§ Data shown:
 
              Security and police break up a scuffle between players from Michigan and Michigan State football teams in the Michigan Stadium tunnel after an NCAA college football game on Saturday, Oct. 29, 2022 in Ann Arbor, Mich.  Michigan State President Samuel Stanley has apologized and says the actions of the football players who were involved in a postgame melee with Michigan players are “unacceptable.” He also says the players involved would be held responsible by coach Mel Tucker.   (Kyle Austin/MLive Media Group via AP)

---

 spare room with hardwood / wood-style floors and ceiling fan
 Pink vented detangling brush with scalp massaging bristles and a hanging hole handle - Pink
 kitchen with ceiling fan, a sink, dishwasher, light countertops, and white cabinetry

§ Exercise: Set down again, word for word, the stretch of records from the line with "spare room with" to the line with "kitchen with ceiling", both of those lines included.

§ Answer to the exercise:
 spare room with hardwood / wood-style floors and ceiling fan
 Pink vented detangling brush with scalp massaging bristles and a hanging hole handle - Pink
 kitchen with ceiling fan, a sink, dishwasher, light countertops, and white cabinetry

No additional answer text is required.